Update site configuration

Sourcegraph’s application configuration is stored in the PostgreSQL database. For editing this configuration you may use the web UI. See site configuration for more information.

Configure TLS/SSL

If you intend to make your Sourcegraph instance accessible on the Internet or another untrusted network, you should use TLS so that all traffic will be served over HTTPS.

Ingress controller

If you exposed your Sourcegraph instance via an ingress controller as described in “Ingress controller (recommended)”:

  • Create a TLS secret that contains your TLS certificate and private key.

    kubectl create secret tls sourcegraph-tls --key $PATH_TO_KEY --cert $PATH_TO_CERT
    
  • Update create-new-cluster.sh with the previous command.

    echo kubectl create secret tls sourcegraph-tls --key $PATH_TO_KEY --cert $PATH_TO_CERT >> create-new-cluster.sh
    
  • Add the tls configuration to base/frontend/sourcegraph-frontend.Ingress.yaml.

   # base/frontend/sourcegraph-frontend.Ingress.yaml
   tls:
     - hosts:
         #  Replace 'sourcegraph.example.com' with the real domain that you want to use for your Sourcegraph instance.
         - sourcegraph.example.com
       secretName: sourcegraph-tls
   rules:
     - http:
         paths:
         - path: /
           backend:
             serviceName: sourcegraph-frontend
             servicePort: 30080
       # Replace 'sourcegraph.example.com' with the real domain that you want to use for your Sourcegraph instance.
       host: sourcegraph.example.com
  • Change your externalURL in the site configuration to e.g. https://sourcegraph.example.com.

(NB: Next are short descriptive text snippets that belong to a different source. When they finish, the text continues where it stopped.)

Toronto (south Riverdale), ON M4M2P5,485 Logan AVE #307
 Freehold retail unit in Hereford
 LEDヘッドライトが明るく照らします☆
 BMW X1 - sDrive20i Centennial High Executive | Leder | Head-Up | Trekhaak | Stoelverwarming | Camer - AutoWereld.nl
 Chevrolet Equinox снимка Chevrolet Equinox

  • Update the ingress controller with the previous changes with the following command:

  kubectl apply -f base/frontend/sourcegraph-frontend.Ingress.yaml

NGINX service

If you exposed your Sourcegraph instance via the altenative nginx service as described in “nginx service”, those instructions already walked you through setting up TLS/SSL.

Configure repository cloning via SSH

Sourcegraph will clone repositories using SSH credentials if they are mounted at /home/sourcegraph/.ssh in the gitserver deployment.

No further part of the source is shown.